A new key is always inserted at a leaf while maintaining the properties of the binary search tree. We start the search for the key from the root until we reach a leaf node. Once a leaf node is found, the new node is added as its child. The steps to insert a node into a BST are as follows:

  • Initialize the current node (e.g., currNode or node) with the root.

  • Compare the key with the current node's value.

  • Move left if the key is less than or equal to the current node’s value.

  • Move right if the key is greater than the current node’s value.

  • Repeat steps 2 to 4 until you reach a leaf node.
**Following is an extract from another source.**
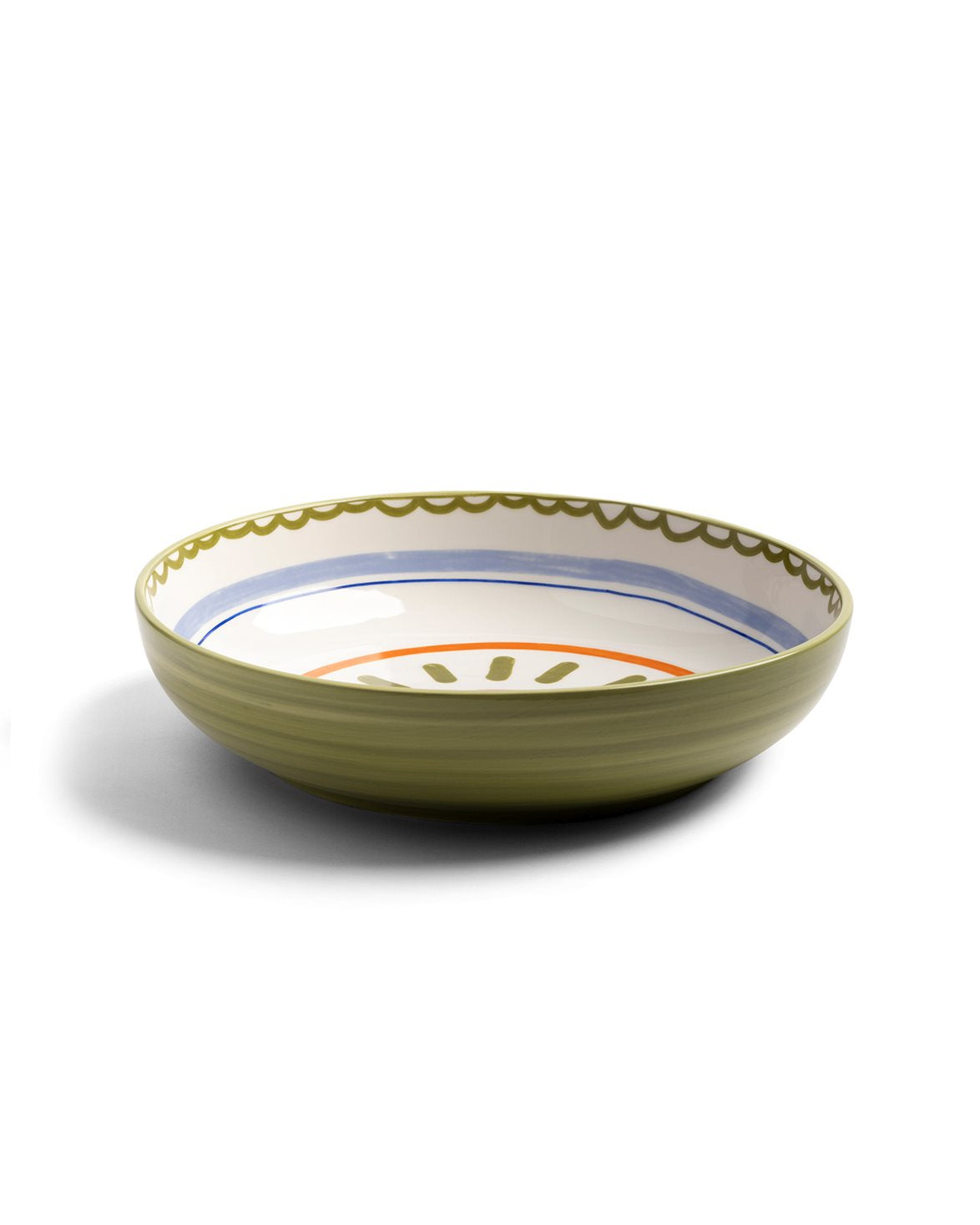 Salad Bowl Boavista Green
  • Attach the new key as a left or right child based on the comparison with the leaf node’s value.

    Insertion
#include <iostream>
using namespace std;
 
struct Node {
    int key;
    Node* left;
    Node* right;    
    Node(int item) {
        key = item;
        left = NULL;
        right = NULL;
    }
};
 
// A utility function to insert a new node with the given key
Node* insert(Node* node, int key) {
    if (node == NULL) 
        return new Node(key);    
 
    if (node->key == key) 
        return node;
 
    if (node->key < key) 
        node->right = insert(node->right, key);
    else 
        node->left = insert(node->left, key);
 
    return node;
}
 
// A utility function to do inorder tree traversal
void inorder(Node* root) {
    if (root != NULL) {
        inorder(root->left);
        cout << root->key << " ";
        inorder(root->right);
    }
}
 
// Driver program to test the above functions
int main() {
    Node* root = new Node(50);
    root = insert(root, 30);
    root = insert(root, 20);
    root = insert(root, 40);
    root = insert(root, 70);
    root = insert(root, 60);
    root = insert(root, 80);
 
    inorder(root);
 
    return 0;
}

Output:

20 30 40 50 60 70 80 

Time Complexity:

  • Worst-case time complexity of insertion is O(h), where h is the height of the BST.
  • In the worst case (e.g., a skewed tree), the height becomes n, and the time complexity becomes O(n).
  • Auxiliary Space: O(1)

Deletion

Deletion of a node in a binary search tree can be broken down into three scenarios:

Case 1: Delete a Leaf Node in BST

Deletion

Case 2: Delete a Node with One Child in BST

Deletion

Case 3: Delete a Node with Two Children in BST

Deletion
#include <bits/stdc++.h>
using namespace std;
 
struct Node {
    int key;
    Node* left;
    Node* right;
    Node(int k){
        key = k;
        left = right = nullptr;
    }
};
 
// Utility function to find the inorder successor
Node* getSuccessor(Node* curr){
    curr = curr->right;
    while (curr != nullptr && curr->left != nullptr)
        curr = curr->left;
    return curr;
}
 
// Function to delete a given key from the BST
Node* delNode(Node* root, int x){
    if (root == nullptr)
        return root;
 
    if (root->key > x)
        root->left = delNode(root->left, x);
    else if (root->key < x)
        root->right = delNode(root->right, x);
    else {
        if (root->left == nullptr) {
            Node* temp = root->right;
            delete root;
            return temp;
        }
 
        if (root->right == nullptr) {
            Node* temp = root->left;
            delete root;
            return temp;
        }
 
        Node* succ = getSuccessor(root);
        root->key = succ->key;
        root->right = delNode(root->right, succ->key);
    }
    return root;
}
 
// Utility function for inorder traversal
void inorder(Node* root){
    if (root != nullptr) {
        inorder(root->left);
        cout << root->key << " ";
        inorder(root->right);
    }
}
 
int main(){
    Node* root = new Node(10);
    root->left = new Node(5);
    root->right = new Node(15);
    root->right->left = new Node(12);
    root->right->right = new Node(18);
    int x = 15;
 
    root = delNode(root, x);
    inorder(root);
    return 0;
}

Output:

5 10 12 18
  • Time Complexity: O(h), where h is the height of the BST.
  • Auxiliary Space: O(h)

Searching

  • Searching for a value in a BST is similar to performing binary search on a sorted array.
  • Just like a binary search requires the array to be sorted, a BST’s structure allows for fast lookups due to its ordering property.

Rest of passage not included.